* **What is being asked**
Find the line in the entries below that contains "Lineated Barbet - ML614135098". Repeat it exactly, and every line after it through the line that contains "Nanday Parakeets spotted".

* **Study material**
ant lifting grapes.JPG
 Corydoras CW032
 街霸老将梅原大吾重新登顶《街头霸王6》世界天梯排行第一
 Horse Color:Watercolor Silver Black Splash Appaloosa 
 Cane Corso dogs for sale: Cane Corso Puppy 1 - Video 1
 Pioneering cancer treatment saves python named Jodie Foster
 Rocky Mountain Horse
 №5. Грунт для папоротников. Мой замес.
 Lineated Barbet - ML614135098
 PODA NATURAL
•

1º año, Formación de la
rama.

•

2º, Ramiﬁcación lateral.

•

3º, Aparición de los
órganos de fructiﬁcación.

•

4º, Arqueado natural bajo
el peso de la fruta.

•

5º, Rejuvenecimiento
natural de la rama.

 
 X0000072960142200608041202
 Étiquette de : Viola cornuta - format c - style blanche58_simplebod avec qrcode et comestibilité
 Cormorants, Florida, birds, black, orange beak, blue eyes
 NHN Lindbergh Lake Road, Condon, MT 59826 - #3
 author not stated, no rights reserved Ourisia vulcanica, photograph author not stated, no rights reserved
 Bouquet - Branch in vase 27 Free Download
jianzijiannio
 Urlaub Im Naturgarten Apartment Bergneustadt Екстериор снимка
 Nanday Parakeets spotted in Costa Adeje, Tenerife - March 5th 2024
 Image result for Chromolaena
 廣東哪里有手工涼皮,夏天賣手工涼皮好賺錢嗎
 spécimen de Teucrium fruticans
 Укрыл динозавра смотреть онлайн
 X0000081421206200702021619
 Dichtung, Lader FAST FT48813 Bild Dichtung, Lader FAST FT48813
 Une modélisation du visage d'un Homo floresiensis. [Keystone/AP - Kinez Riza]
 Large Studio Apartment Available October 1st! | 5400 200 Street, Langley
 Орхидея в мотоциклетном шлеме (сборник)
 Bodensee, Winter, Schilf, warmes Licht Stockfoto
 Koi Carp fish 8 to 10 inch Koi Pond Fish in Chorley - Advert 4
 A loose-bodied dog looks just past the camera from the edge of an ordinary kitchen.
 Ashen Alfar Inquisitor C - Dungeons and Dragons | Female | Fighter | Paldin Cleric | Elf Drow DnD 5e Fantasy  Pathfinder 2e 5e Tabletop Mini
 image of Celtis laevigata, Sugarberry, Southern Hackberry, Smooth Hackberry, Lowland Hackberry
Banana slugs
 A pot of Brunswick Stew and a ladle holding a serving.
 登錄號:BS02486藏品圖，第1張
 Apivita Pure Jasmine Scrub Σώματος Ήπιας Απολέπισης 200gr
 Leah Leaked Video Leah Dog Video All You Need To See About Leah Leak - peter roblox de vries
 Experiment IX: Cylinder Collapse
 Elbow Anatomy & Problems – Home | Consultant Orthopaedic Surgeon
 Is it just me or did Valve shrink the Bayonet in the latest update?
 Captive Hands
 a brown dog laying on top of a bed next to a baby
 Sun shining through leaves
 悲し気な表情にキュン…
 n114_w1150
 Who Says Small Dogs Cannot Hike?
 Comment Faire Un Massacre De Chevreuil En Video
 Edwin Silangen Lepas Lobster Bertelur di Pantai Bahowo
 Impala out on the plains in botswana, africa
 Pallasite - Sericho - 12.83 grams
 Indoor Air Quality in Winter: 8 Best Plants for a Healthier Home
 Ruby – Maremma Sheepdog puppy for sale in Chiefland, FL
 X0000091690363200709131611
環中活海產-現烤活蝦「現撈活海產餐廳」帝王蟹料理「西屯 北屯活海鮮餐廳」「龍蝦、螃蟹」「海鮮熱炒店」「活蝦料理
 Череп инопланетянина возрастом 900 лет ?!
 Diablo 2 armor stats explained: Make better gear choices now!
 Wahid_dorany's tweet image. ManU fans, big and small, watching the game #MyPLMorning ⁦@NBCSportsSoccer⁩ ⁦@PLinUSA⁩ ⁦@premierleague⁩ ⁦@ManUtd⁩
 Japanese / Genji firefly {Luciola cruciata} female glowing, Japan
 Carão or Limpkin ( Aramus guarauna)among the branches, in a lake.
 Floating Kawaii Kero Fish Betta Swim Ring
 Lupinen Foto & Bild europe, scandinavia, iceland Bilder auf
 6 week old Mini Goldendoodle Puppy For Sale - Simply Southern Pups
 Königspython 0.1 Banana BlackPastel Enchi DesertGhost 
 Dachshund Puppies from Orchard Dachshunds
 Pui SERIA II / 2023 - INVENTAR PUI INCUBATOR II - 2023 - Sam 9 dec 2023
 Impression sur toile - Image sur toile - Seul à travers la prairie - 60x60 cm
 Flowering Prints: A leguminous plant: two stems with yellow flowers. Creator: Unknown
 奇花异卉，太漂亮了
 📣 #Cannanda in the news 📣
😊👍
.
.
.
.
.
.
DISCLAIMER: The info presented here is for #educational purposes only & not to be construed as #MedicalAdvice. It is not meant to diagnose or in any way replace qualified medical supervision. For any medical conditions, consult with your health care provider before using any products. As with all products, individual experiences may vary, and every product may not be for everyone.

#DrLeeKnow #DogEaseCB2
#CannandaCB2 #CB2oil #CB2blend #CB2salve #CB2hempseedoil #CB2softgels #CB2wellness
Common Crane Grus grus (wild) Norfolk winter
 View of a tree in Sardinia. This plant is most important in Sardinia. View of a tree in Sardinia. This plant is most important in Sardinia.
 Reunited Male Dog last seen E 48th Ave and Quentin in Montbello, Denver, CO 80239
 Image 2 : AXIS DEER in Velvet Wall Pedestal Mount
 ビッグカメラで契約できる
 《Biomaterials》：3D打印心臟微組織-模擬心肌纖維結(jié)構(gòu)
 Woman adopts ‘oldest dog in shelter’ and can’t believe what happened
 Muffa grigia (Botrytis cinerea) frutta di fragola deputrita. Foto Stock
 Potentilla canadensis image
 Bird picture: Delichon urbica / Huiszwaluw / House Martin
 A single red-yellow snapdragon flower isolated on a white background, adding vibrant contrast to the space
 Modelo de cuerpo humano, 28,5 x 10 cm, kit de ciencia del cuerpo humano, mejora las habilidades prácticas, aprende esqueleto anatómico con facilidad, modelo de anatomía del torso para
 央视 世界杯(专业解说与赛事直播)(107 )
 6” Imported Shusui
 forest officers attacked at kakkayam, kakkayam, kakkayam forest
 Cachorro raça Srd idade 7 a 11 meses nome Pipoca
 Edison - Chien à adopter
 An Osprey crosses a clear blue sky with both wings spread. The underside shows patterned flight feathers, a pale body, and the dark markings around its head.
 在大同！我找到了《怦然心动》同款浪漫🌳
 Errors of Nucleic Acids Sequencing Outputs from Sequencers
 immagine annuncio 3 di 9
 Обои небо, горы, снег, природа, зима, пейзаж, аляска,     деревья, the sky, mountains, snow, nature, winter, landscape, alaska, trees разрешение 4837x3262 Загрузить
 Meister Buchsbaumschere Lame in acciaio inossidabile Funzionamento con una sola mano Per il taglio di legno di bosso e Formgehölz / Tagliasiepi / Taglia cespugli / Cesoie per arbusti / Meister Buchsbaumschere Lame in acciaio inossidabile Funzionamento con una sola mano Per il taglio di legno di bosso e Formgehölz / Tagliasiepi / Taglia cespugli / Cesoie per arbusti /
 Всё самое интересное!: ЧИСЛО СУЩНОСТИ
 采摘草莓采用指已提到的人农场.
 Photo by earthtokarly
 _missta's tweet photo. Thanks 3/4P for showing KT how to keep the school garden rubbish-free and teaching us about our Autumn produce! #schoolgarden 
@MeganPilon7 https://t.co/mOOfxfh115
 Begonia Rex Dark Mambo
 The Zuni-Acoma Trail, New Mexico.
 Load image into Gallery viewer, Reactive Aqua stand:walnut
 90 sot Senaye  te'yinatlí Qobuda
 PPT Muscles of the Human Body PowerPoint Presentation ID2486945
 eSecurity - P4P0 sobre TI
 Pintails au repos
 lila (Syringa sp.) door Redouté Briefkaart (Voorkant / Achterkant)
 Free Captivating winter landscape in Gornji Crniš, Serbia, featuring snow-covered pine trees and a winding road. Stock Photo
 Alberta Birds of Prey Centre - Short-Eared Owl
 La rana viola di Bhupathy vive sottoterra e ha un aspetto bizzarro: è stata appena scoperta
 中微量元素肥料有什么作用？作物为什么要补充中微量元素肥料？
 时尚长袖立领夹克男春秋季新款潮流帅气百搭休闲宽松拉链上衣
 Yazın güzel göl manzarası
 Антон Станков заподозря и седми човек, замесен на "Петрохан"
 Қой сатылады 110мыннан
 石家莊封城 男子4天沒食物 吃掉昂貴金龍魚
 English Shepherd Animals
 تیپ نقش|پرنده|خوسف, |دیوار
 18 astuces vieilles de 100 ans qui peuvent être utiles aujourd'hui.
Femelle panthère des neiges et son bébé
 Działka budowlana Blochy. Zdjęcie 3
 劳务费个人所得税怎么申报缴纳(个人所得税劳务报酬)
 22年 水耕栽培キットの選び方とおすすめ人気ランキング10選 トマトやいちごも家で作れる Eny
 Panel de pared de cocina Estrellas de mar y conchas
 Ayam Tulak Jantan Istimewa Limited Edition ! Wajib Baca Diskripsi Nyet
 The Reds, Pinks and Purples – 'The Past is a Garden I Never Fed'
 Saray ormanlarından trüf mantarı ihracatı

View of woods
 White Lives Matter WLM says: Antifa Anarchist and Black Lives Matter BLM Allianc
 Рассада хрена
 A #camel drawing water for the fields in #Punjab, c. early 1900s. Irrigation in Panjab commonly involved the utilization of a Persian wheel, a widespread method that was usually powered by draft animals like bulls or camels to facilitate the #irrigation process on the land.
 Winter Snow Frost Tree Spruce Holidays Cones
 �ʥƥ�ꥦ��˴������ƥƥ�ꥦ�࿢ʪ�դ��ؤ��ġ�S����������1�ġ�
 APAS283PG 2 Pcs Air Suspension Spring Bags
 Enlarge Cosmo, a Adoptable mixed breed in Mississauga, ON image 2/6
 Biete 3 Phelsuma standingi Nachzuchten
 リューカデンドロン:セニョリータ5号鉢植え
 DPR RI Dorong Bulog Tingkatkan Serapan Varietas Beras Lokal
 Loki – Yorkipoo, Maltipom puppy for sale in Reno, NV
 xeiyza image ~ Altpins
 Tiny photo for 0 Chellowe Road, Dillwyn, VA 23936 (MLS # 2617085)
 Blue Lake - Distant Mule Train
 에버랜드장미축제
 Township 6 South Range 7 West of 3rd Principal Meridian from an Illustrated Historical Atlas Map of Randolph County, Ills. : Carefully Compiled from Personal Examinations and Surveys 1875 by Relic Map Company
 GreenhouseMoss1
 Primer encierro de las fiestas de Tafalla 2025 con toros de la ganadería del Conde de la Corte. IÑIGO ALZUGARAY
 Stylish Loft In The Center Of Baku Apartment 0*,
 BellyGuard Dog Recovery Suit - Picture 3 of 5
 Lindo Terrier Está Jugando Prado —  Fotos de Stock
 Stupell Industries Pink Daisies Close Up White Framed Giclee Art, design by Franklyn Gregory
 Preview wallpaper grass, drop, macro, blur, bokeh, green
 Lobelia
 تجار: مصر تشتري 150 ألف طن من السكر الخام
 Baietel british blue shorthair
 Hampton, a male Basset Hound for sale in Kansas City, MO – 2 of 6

* **Result of this exercise**
 Lineated Barbet - ML614135098
 PODA NATURAL
•

1º año, Formación de la
rama.

•

2º, Ramiﬁcación lateral.

•

3º, Aparición de los
órganos de fructiﬁcación.

•

4º, Arqueado natural bajo
el peso de la fruta.

•

5º, Rejuvenecimiento
natural de la rama.

 
 X0000072960142200608041202
 Étiquette de : Viola cornuta - format c - style blanche58_simplebod avec qrcode et comestibilité
 Cormorants, Florida, birds, black, orange beak, blue eyes
 NHN Lindbergh Lake Road, Condon, MT 59826 - #3
 author not stated, no rights reserved Ourisia vulcanica, photograph author not stated, no rights reserved
 Bouquet - Branch in vase 27 Free Download
jianzijiannio
 Urlaub Im Naturgarten Apartment Bergneustadt Екстериор снимка
 Nanday Parakeets spotted in Costa Adeje, Tenerife - March 5th 2024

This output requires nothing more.